Home secretary U.N. Behera’s statement on the issue, apparently provoked by state organising secretary of the CPI (Maoist) Sabyasachi Panda’s tirade against the government, coincided with chief minister Naveen Patnaik’s fresh appeal to the rebels to return to the mainstream.
“I appeal again to my misguided young brothers and sisters who have gone to the Maoist cause, to the law of the jungle, to return to the mainstream, the law of the land,” said Naveen before leaving for Delhi en route to London for an eight-day trip to the United Kingdom.

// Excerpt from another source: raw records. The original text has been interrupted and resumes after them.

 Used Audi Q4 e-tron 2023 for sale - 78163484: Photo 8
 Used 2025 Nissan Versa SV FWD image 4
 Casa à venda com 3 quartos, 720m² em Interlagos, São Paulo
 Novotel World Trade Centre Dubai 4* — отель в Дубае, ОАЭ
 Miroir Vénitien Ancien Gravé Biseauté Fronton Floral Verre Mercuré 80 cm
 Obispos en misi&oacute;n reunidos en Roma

On the other hand, the two Maoist-chosen interlocutors who negotiated during the release of the Italian nationals kidnapped by Panda in March, have in a letter criticised the government for mounting operations against the rebels without provocation.

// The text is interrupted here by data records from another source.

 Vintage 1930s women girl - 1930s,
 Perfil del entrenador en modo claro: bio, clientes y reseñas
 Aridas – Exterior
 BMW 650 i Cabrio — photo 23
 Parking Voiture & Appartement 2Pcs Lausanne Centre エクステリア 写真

Replying to Panda’s charge made in an audio-message yesterday that the government had gone back on the promises made at the time of the release of the hostages, the home secretary said that of the five persons whose release the abductors of the two Italian nationals had demanded, Subhashree Das alias Mili had already been acquitted in one of the cases against her. While no fresh cases have been brought against Mili, the wife of Panda, two cases were still pending against her in Nayagarh, the home secretary said.

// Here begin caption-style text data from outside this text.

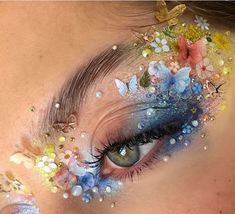 Dried Flower Makeup Look, Flower Fairy Makeup, Flowers On Face, Fairy Core Makeup, Flower Eyeshadow, Power Eyes, Garden Makeup, Traditional Makeup, Nature Makeup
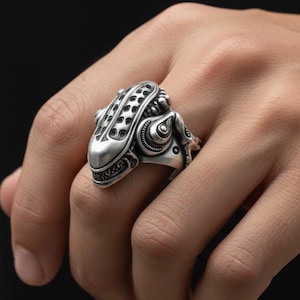 MysticCraft Alien Xenomorph Ring - Sci Fi Monster Silver Ring - Futuristic Gothic Statement Jewelry - Handmade Jewelry
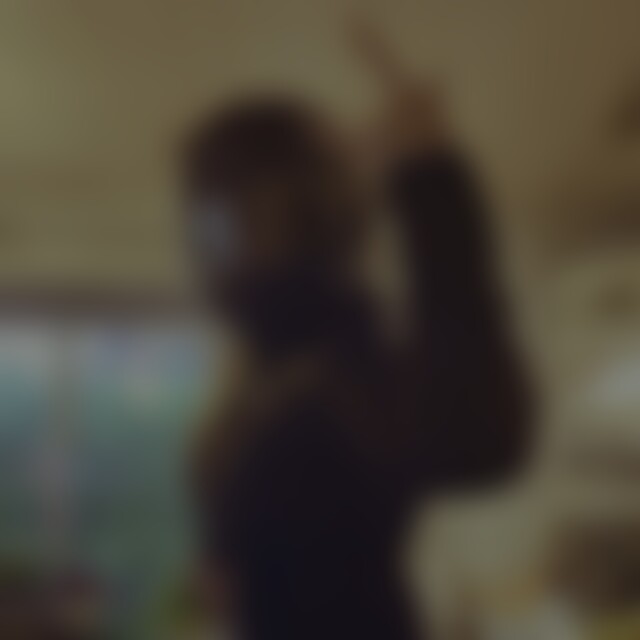 Neloush (20) aus Neumünster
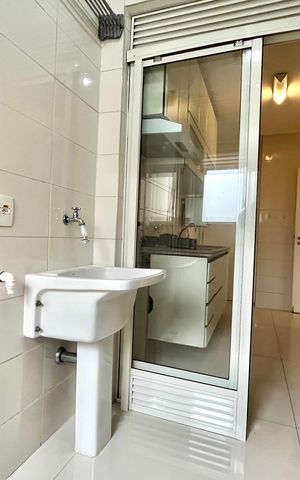 Apartamento à venda com 98m², 3 quartos e 2 vagas Apartamento à venda com 98m², 3 quartos e 2 vagasÁrea de Serviço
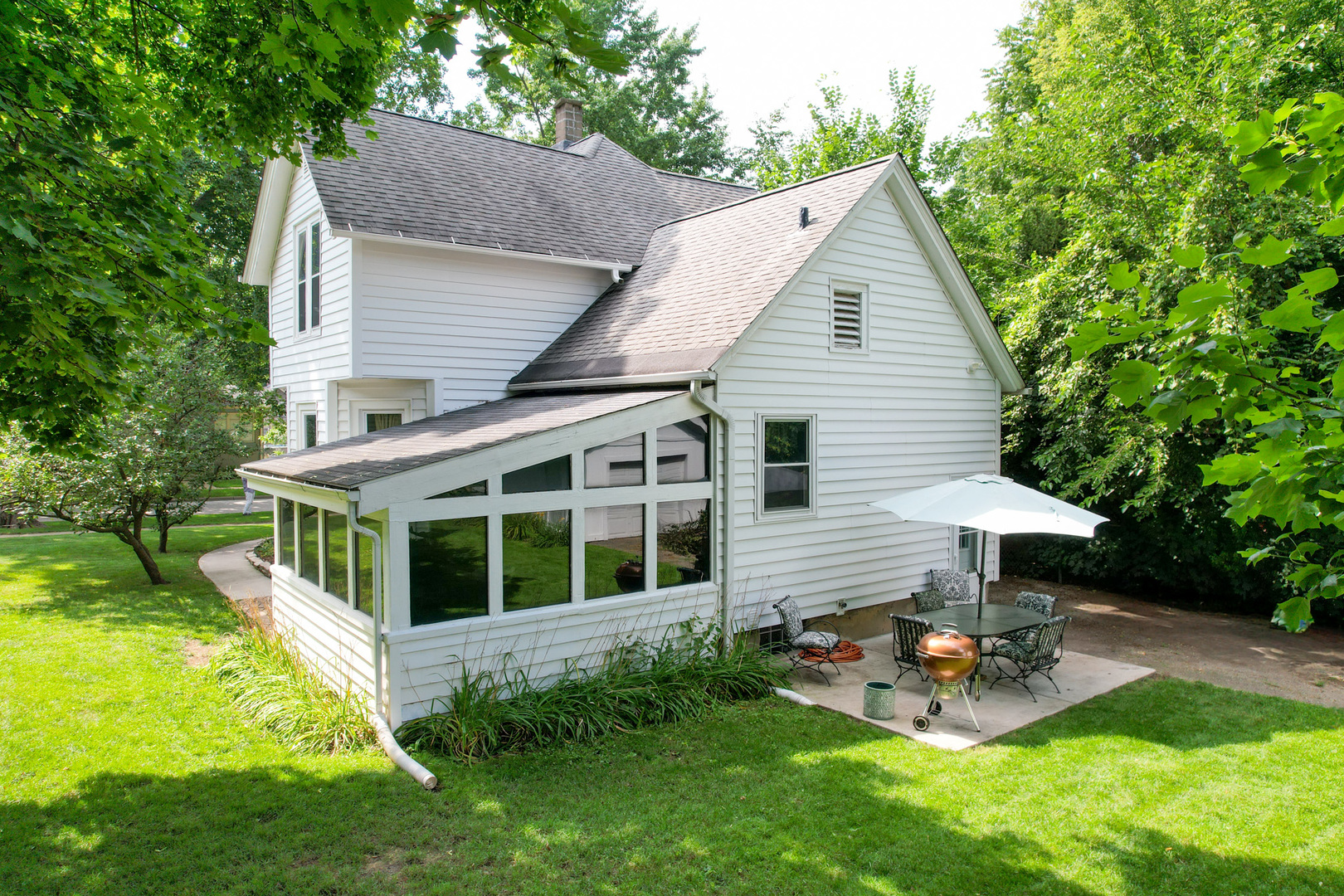 909 BELLEVUE Avenue, Elgin, IL 60120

Another rebel leader, Arati Majhi, whose release was sought by the Maoists, had been acquitted in one case and granted bail in another but in three cases her bail had been rejected. “She can approach the next higher forum in these three cases. In one case the bail is under consideration,” said Behera.
The home secretary said that in the case of Suka Nachika, Chakra Tadingi and Bijay Tadingi, the three other radicals whose release the Maoists led by Panda had sought, the bail had been rejected by a local court in Berhampur but they were free to approach the higher court.
Referring to the cases relating to 22 persons whose release the abductors of ruling BJD MLA Jhina Hikaka had sought, the home secretary said that while four of them had been released, another three would be set free on production of bailers. “Bail has been rejected in eight cases. They can approach the next higher court in appeal. The remaining eight have not filed their bail petitions,” he said.
Behera also accused the Maoists of indulging in violence and killing one person in Malkangiri district on May 19. Stating that the government would do its best to maintain law and order, the home secretary called upon the rebels to shun violence and return to the mainstream.
However, B.D. Sharma and Dandapani Mohanty, the two Maoist-chosen interlocutors, pulled no punches in their letter addressed to the home secretary and two other senior bureaucrats who were part of the government team that negotiated with them to bring the hostage crisis to an end in April. They said that though the Maoists had stuck to the ceasefire promised by them, the state forces had been raiding their forest hideouts.